Electric motors operate through the interaction of opposing magnetic fields associated with a stationary element, a stator, most frequently generally resembling a hollow cylinder and a generally cylindrical rotating element, a rotor, whose axis lies on the axis of the stator. Either or both of these magnetic fields may be electrically generated by the passage of current through an electrical conductor.
More generally, multiple conductors are used, with the conductors configured to produce additive interaction of their individual magnetic fields.
These magnetic fields interact most effectively and generate maximum motor torque when shaped and focused by confining the cooperating conductors within a prescribed region carried on a low reluctance material such as an iron-based alloy. It will be appreciated that the conductors and their supporting low reluctance structure may be configured such that they constitute a rotor or a stator depending on the motor type.
A convenient way to shape the magnetic field of a stator or a rotor is to position the cooperating conductors in one of a plurality of slots radially distributed about the cylinder axis and extending along its length. The volume of the slot obviously limits the volume of electrical conductor which can be accommodated but other factors such as the form of the conductor are also important. For example, randomly-wound conductors with circular cross-section will not generally fill the slot cross-section as efficiently as placed or positioned conductors of square, rectangular or other parallel-sided cross-sections.
Yet further limitation results from the need to have the conductor loops insulated from one another and from the stator frame. Each conductor is coated with an electrically-insulating medium which beneficially electrically isolates it from its neighbors but increases conductor separation and hence limits the number of conductors which may be employed for any given slot dimension. There is therefore incentive to reduce insulation thickness as far as practicable.

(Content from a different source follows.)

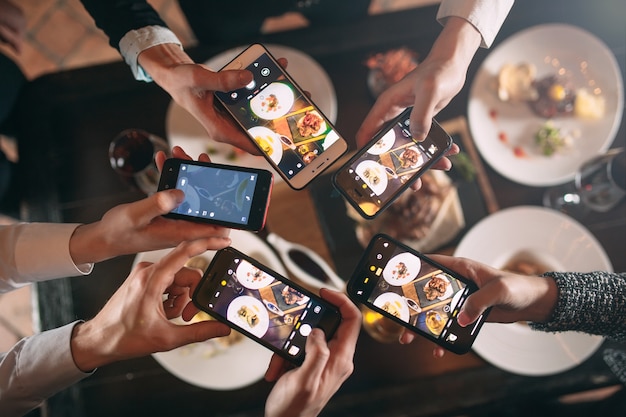 Group of friends going out and taking a photo of food together with mobile phone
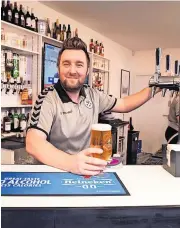  ?? ?? Mine’s a pint Barman Steven Muir serves up an ice cold pint of Moretti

Coating thicknesses may range from about 0.001 to 0.010 inches (about 0.025 to 0.25 millimeters) depending on the operating conditions of the motor and the dimensions of the conductor. These coatings are designed to afford good adherence to the conductor and to exhibit no cracks or exposed conductor at the conclusion of the motor manufacturing processes.

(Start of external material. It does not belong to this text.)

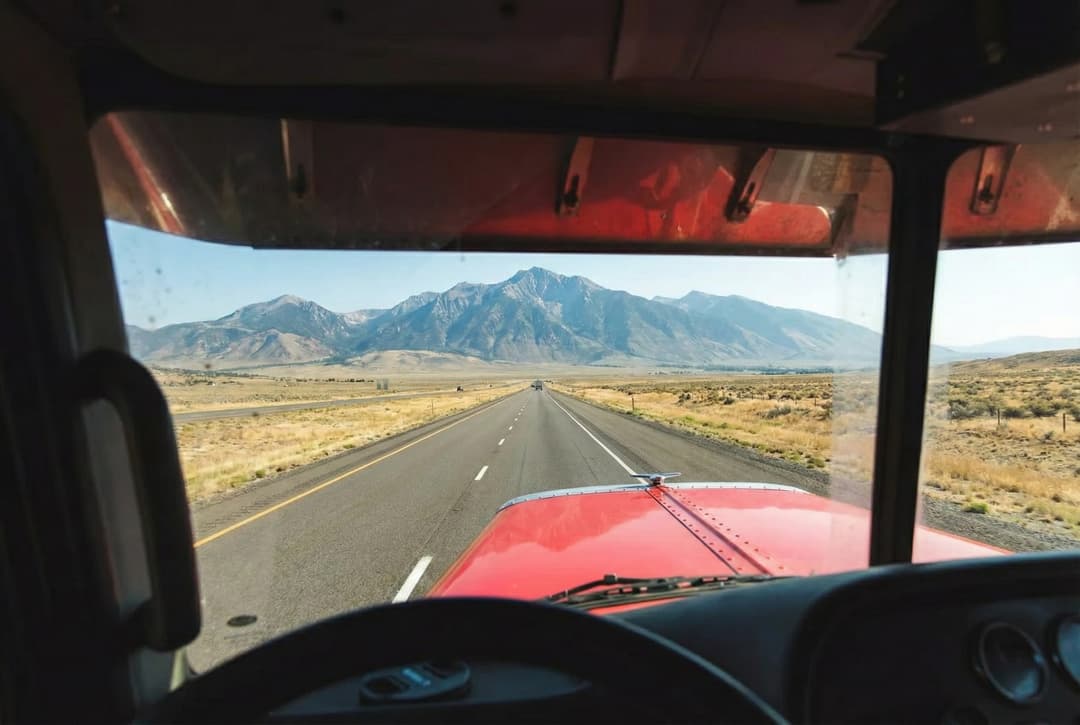 Trucker's hands on steering wheel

Nonetheless the combination of extensive handling and processing to which the conductor is subjected during motor manufacture, coupled with the thinness of the insulating coating can lead to rupture of or damage to the coating. Eventually such damage may lead to insulator breakdown, initiating short-circuits between adjacent conductors or between a conductor and the stator frame and resulting in the need for motor repair.
Thus, it would be advantageous if the dielectric properties of the insulation could be restored if the performance of the primary insulation is compromised
Further, in service, all motors are subject to ‘self-forces’ which arise from the interactions of the induced magnetic fields. These forces are applied to all current-carrying elements of the motor, including the windings. These forces promote relative movement of the individual windings and can lead to rubbing or fretting which eventually leads to insulation breakdown. Generally, provision is made to secure the windings and prevent their relative movement by tying the windings together or by encasing the windings in an at least somewhat rigid material such as epoxy or varnish or both in combination. However the magnitude of the forces, particularly in high current traction motors, all but assures that some conductor rubbing will occur.
Thus, for this reason also, it would be advantageous to automatically restore the dielectric properties of the insulation if the performance of the primary insulation is compromised.